Ich bin Breeny Collins, zeitgenössische Künstlerin aus Berlin. In meiner Arbeit beschäftige ich mich mit der gesellschaftlichen Wahrnehmung des weiblichen Körpers sowie mit Fragen von Identität, Selbstbestimmung und Körperbildern. Dabei setze ich mich mit gesellschaftlichen Fragen auseinander, die Frauen bis heute betreffen: mit Gleichberechtigung, der Objektifizierung und Sexualisierung weiblicher Körper sowie mit der Frage, wie Frauen gesehen, bewertet und wahrgenommen werden. Persönliche Erfahrungen mit gesellschaftlichen Strukturen und der Bewertung von Frauen prägen dabei meine künstlerische Auseinandersetzung.

Meine Arbeit hinterfragt traditionelle Darstellungen des weiblichen Körpers: weg von der Betrachtung als passives Objekt fremder Begierde, hin zum Körper als selbstbestimmtes Subjekt und kreatives Ausdrucksmittel. In einer Gesellschaft, in der der weibliche Körper häufig sexualisiert und bewertet wird, möchte ich ein Zeichen für Selbstbestimmung setzen und den Körper als Ausdruck von Stärke und Identität sichtbar machen. Meine Arbeiten eröffnen neue Perspektiven und laden dazu ein, etablierte Vorstellungen von Schönheit, Geschlecht und Körperwahrnehmung zu hinterfragen.
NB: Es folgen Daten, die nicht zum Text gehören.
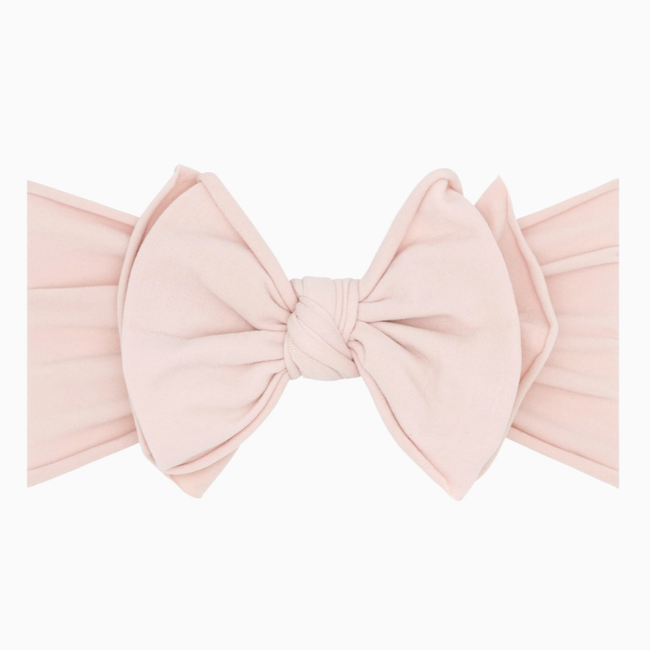 Color : Antique Pink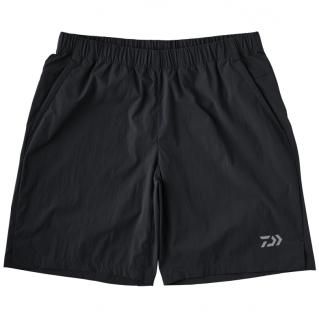  ١å硼ȥѥ DP-8825 ֥å 3XL / daiwa  Ź̲ʡ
Neben meiner konzeptionellen Auseinandersetzung steht für mich die technische Umsetzung im Mittelpunkt. Ein zentrales Element meiner Kunst ist die Verbindung von fotorealistischer Acrylmalerei mit einer selbst entwickelten Körperabdruck-Technik. Dabei nutze ich meinen eigenen Körper als künstlerisches Medium und integriere Abdrücke meiner Brust und Vulva in meine Werke. Was gesellschaftlich häufig sexualisiert oder mit Scham behaftet wird, wird in meiner Kunst zu einem bewussten Ausdruck von Selbstbestimmung, Identität und künstlerischer Gestaltung.

Meine Werke entstehen in einem aufwendigen Prozess aus Malerei, Farbkomposition und präziser Abdrucktechnik. Die Kombination aus detailreicher Darstellung, intensiven Farben und körperlichen Strukturen schafft Bilder, die visuell unmittelbar wirken und gleichzeitig eine zusätzliche Bedeutungsebene eröffnen.

Mit meiner Kunst möchte ich Räume für Dialog schaffen und zu einem respektvolleren Umgang mit Körperbildern beitragen. Meine Arbeiten laden dazu ein, den menschlichen Körper jenseits gesellschaftlicher Zuschreibungen zu betrachten – als Teil von Identität, Ausdruck und Selbstbestimmung.